A lot of drafting and editing. I was trying to get a sense of how the dialogue moved on the page, and what a silence between Benson and Mitsuko would mean on the page. What was underneath that silence. I kept thinking of this film Still Walking, directed by Hirokazu Kore-eda, that largely takes place in one house over the course of a few days. For the overwhelming majority of the film, people are cooking and eating and preparing food. And there’s so much drama in how a dish is placed on a table, or the speed at which someone is shaving daikon. Trying to find a way to put that on the page when you lose the visual element was tricky.
While Mike’s running the izakaya, Benson’s at home cooking with Mitsuko. Did you cook the seafood curry, udon and abura-age, and other dishes that are mentioned in the book?
For almost every dish in the book, I cooked it in some variation. Even if only because I wanted to have a sense of whether Benson or Mike could be cooking while simultaneously doing other things. It was really important to me — and I don’t necessarily expect the reader to pick up on this or even care — to show Benson’s arc. He is someone who went from being shocked that people crack eggs in a pan and then scramble them to someone who is comfortable in the kitchen. I wanted to go through what he was cooking and what he was learning and the mistakes he made.

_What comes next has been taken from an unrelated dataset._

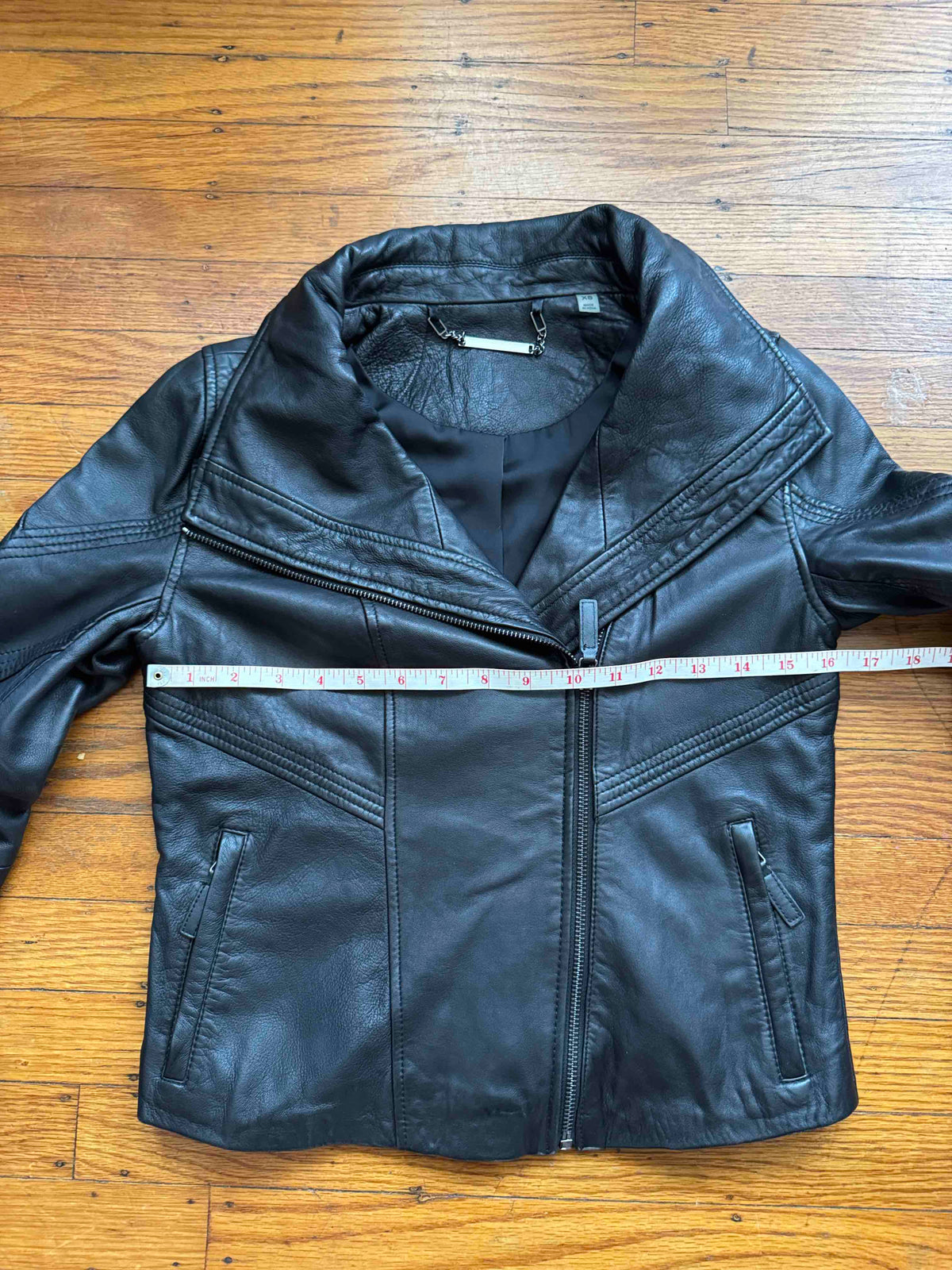 Women's Lambskin Leather Motorcycle Jacket, XS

For Mike’s arc, it was a little bit less difficult because he had a more stable culinary foundation. The question for him became more about what someone would be cooking when they’re using food and cooking as a language, using it to fill gaps in the conversation. Mitsuko was just as challenging because she’s someone who is very confident and comfortable in the kitchen, and trusts herself with the decisions she makes. For her, I wanted to know what someone would cook when they’re just super aware of what the people they’re cooking for need.
This interview has been edited and condensed for clarity.